#### [Collected data entries]
-- Opening Marker --

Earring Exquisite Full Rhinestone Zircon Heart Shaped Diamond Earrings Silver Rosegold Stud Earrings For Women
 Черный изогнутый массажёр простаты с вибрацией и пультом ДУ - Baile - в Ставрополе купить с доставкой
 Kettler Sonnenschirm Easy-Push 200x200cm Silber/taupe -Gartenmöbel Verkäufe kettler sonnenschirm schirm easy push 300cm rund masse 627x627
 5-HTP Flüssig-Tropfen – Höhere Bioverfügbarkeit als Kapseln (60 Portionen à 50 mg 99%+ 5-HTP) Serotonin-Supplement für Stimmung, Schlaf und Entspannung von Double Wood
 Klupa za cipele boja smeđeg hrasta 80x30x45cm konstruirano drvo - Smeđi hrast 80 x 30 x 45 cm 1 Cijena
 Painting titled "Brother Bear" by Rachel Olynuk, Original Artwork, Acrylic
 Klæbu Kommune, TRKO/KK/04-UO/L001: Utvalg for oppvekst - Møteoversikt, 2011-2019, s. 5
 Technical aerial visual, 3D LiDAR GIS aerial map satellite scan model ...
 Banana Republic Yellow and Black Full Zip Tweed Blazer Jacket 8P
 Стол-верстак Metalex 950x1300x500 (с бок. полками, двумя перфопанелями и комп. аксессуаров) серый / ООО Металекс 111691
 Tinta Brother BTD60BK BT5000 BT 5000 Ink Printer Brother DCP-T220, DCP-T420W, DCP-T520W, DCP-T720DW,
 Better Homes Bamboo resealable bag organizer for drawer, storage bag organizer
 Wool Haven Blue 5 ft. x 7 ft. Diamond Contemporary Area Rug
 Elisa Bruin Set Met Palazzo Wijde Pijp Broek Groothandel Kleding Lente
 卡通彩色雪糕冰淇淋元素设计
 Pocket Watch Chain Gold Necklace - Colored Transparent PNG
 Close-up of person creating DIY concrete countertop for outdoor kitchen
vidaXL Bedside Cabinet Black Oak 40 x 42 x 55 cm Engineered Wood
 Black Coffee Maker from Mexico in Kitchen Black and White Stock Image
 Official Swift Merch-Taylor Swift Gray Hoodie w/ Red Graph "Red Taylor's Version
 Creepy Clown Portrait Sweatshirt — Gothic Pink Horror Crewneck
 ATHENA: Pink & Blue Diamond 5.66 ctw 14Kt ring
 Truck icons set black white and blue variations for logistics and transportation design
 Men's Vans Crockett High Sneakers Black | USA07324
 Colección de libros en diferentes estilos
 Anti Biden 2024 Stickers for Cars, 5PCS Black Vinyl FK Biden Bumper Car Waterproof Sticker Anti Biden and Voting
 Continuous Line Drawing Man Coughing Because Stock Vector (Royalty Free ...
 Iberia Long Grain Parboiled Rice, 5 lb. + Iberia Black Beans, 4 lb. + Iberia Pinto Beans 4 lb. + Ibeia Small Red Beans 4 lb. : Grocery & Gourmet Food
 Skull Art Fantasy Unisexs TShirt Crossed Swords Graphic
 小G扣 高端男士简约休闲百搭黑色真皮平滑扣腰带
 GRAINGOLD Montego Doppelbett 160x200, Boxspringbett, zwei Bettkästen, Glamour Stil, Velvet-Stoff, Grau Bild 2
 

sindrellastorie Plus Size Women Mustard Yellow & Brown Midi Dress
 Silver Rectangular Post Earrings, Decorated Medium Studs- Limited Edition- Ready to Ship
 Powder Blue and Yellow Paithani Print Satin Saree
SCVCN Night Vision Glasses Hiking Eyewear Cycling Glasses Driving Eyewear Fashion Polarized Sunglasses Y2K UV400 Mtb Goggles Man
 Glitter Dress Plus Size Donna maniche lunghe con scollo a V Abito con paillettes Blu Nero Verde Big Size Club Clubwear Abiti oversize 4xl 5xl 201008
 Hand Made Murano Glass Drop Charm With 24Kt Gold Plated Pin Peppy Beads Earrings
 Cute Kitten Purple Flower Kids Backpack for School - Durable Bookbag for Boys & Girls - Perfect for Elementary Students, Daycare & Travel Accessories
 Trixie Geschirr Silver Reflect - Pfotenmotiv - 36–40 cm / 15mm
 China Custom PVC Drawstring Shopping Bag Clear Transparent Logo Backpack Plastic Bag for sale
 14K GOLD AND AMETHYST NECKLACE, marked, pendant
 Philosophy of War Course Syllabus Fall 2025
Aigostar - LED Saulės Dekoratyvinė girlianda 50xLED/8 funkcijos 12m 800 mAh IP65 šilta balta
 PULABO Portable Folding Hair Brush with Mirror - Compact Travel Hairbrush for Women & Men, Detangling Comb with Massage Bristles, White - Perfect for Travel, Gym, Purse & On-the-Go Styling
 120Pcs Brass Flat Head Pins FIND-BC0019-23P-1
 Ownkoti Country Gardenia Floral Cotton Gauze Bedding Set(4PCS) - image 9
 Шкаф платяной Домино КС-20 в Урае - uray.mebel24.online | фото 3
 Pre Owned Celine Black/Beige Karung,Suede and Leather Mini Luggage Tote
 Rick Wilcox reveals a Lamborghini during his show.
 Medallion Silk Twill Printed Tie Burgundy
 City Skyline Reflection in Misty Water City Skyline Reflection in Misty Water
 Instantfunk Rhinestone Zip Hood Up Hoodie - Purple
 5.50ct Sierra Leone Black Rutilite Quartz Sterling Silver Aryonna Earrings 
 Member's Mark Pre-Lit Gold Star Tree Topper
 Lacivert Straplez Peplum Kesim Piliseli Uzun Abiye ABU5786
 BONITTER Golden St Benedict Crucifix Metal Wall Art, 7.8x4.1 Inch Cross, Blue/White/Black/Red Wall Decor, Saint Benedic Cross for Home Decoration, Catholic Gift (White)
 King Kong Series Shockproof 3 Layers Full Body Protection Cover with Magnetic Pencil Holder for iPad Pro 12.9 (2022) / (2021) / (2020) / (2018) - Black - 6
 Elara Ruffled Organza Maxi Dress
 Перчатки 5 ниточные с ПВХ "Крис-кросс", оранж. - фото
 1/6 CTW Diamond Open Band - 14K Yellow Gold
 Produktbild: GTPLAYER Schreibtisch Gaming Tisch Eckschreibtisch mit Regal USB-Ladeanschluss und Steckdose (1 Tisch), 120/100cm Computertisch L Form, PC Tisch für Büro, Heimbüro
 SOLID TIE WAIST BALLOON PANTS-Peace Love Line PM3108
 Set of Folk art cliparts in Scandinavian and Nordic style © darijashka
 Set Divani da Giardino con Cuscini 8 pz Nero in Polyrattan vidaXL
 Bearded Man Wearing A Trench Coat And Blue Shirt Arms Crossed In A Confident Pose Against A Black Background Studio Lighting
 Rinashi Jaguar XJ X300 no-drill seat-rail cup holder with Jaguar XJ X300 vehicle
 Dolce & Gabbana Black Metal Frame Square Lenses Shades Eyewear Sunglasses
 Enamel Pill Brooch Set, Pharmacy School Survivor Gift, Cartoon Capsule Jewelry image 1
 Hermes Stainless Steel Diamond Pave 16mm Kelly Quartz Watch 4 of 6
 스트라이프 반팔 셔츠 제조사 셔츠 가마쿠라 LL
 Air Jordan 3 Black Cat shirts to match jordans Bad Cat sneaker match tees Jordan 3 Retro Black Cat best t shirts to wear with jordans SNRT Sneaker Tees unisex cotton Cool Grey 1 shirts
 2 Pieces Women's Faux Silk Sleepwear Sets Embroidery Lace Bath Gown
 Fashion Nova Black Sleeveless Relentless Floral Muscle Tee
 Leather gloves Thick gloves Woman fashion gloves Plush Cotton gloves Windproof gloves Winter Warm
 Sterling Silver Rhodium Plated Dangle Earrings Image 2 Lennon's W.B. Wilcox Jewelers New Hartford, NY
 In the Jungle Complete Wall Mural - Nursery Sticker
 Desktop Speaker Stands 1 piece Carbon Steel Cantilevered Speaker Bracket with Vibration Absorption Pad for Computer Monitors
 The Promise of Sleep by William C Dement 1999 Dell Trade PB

-- Closing Marker --

#### [TASK DETAILS]
Whenever the string "Crossed" shows up in a line above, copy that line.

#### [EXERCISE RESULT]
 Skull Art Fantasy Unisexs TShirt Crossed Swords Graphic
 Bearded Man Wearing A Trench Coat And Blue Shirt Arms Crossed In A Confident Pose Against A Black Background Studio Lighting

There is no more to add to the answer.